The gap between the event and the launch of this season gave me a false sense of hope.  It made me think that I would naturally take on the life of a stay at home mom without reverberating pangs of guilt and sorrow for the abandonment of a career that can only be described as a lifelong passion for the art of it all.  It made me think I'd fall seamlessly into a regimented schedule of laundry and dusting and story hours and Pinterest projects without the nagging desire for a bit of spontaneity or a day of lounging around watching Disney movies and Food Network.  The gap of time was glittery and shiny with the newness of life here in Texas.  The exploration of the area, the decoration of our home, the concept of palm trees as part of our local vegetation {sounds silly...but that was a huge deal for a while} and living in a place once again where the beach was just a relatively short drive away.  Sparkling.  New.  Sand and BBQ and humidity-soaked excitement that placated me long enough to ensure my kids would become acclimated quickly and fall into routine.  And they did.  In record time, it seemed.  I knew they would...kids are resilient that way.  I found {and still find} myself jealous of their adaptability, their transparency and acceptance and ability to move forward with life.

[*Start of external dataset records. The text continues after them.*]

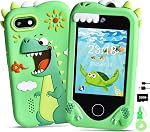 Kids Phone Toys, Anniversary Christmas Gifts for Girls and Boys 3-10, Educational Cell Phone with 2.8"Touch Screen, Dual Camera, Games, Music, 32GB SD Card and Blue Bag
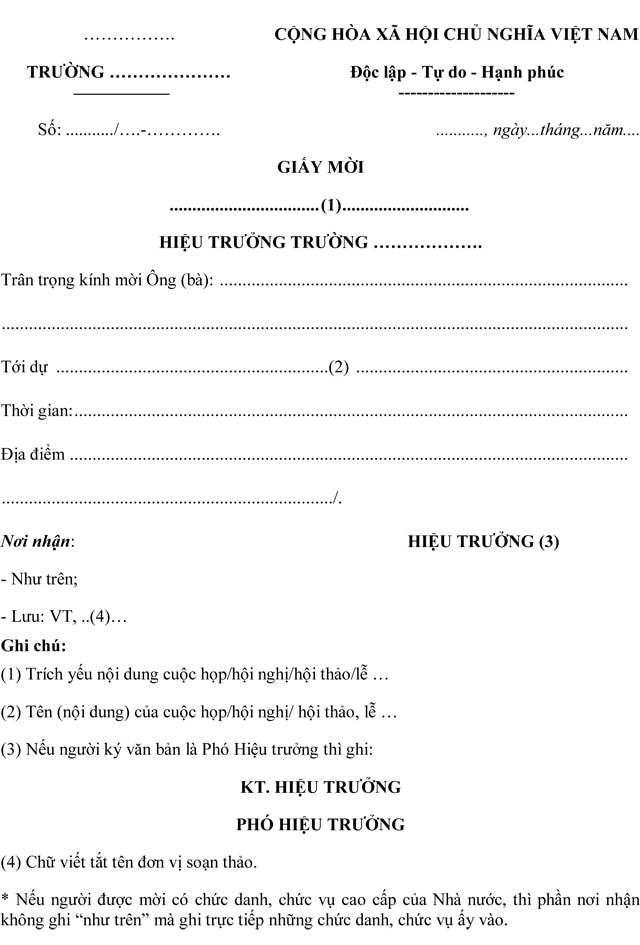Giấy mời từ hiệu trưởng mới nhất và cách viết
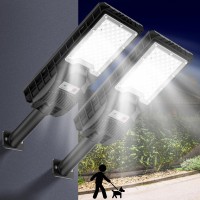 2Pack Solar Street Lights Outdoor Waterproof Solar Lights Outdoor 6500K Led Solar Flood Light Dusk To Dawn Solar Powered Street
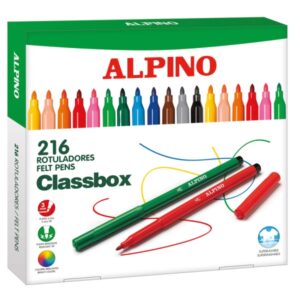 alpino pack economy con 216 rotuladores de colores punta de 3mm superlavables y brillantes uso escolar desarrolla la creatividad colores surtidos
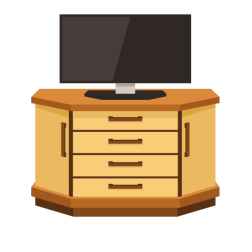 Cabinet with a TV set
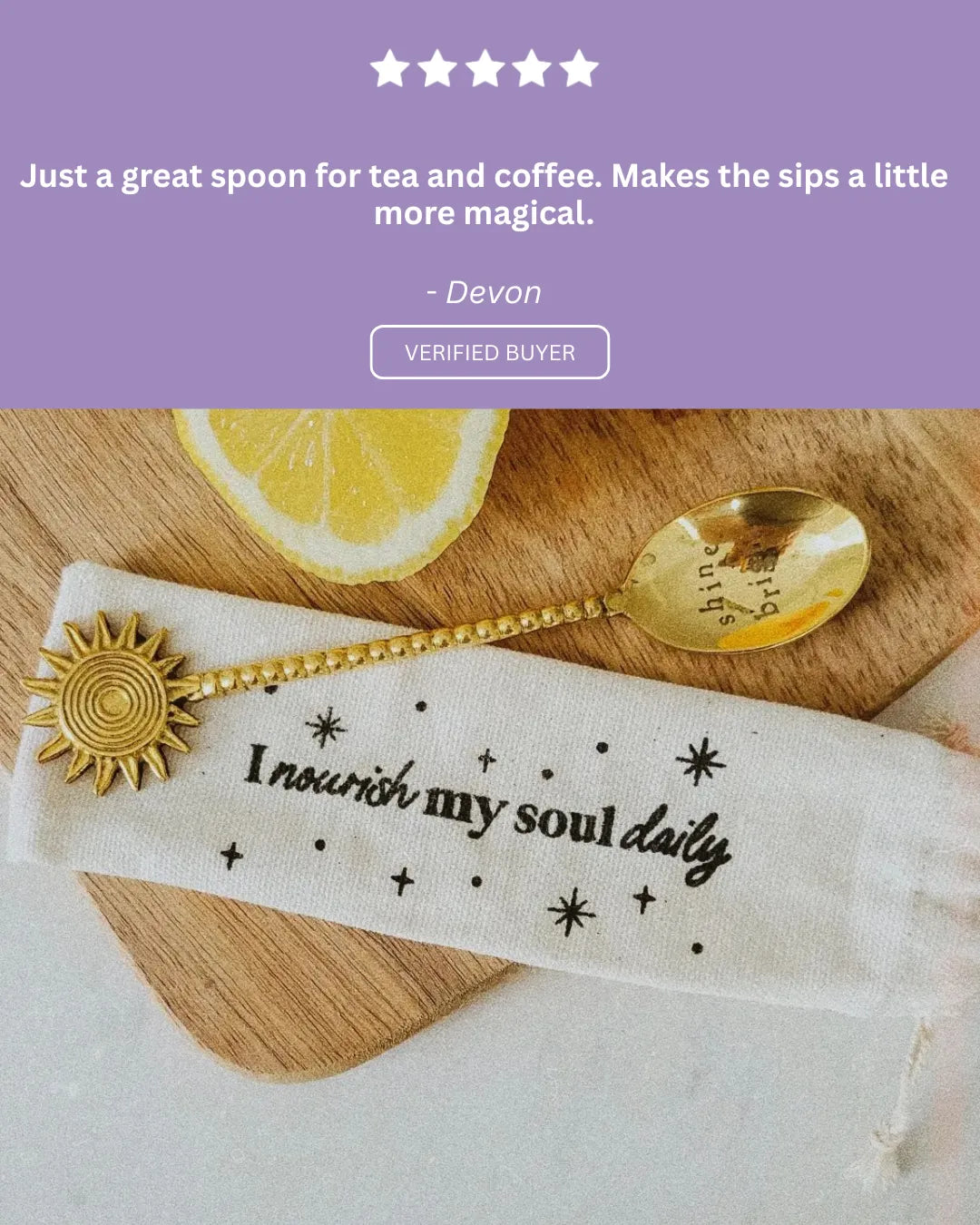 Golden Ray Sun Spoon - Teaspoon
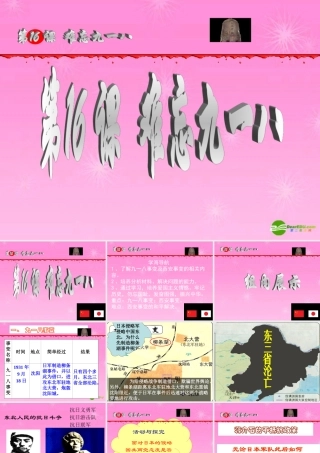 八年级历史 16课 难忘九一八课件 新人教版 课件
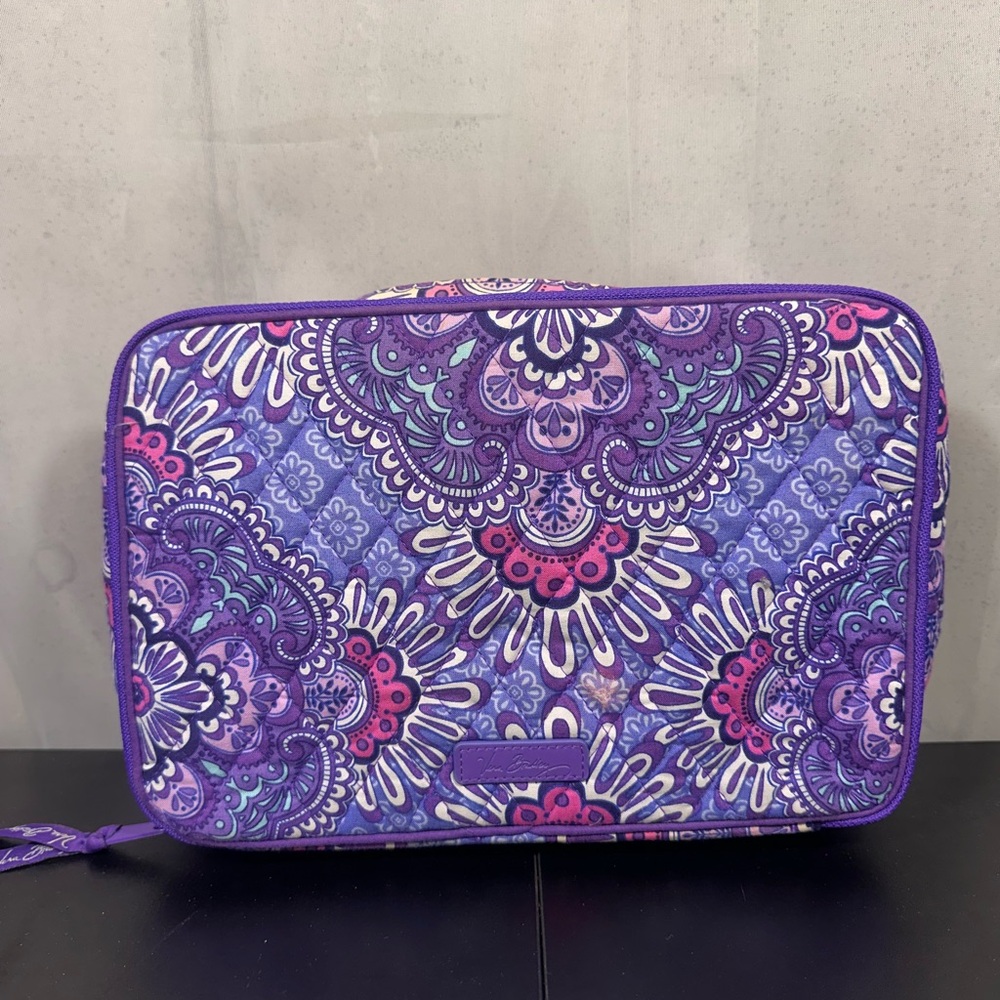 Vera Bradley Purple Floral Travel Cosmetics Bag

I know God planned for that bright and shiny newness as a way to distract me from seeing this current season.  I know He didn't want me to see that this time of struggle and uncertainty would be one where I was faced with a catalog of emotions and feelings and soul-seeking moments.  Personally, it's hard.  This season isn't the gluttony of responsibilities and commitments with which I had ensnared myself in Colorado, but perhaps that's His way of telling me to lessen the burdens, to clear the path for growth in a different way.

While my calendar doesn't give a clue as to the length of this season and my field of vision does not reveal the inclination of a threshold somewhere on my horizon, I know this is just a season.  This time will pass, these pages will be written.  And from them, growth will occur.  Change will happen.  And life will continue to march on.  For I walk by faith, not by sight.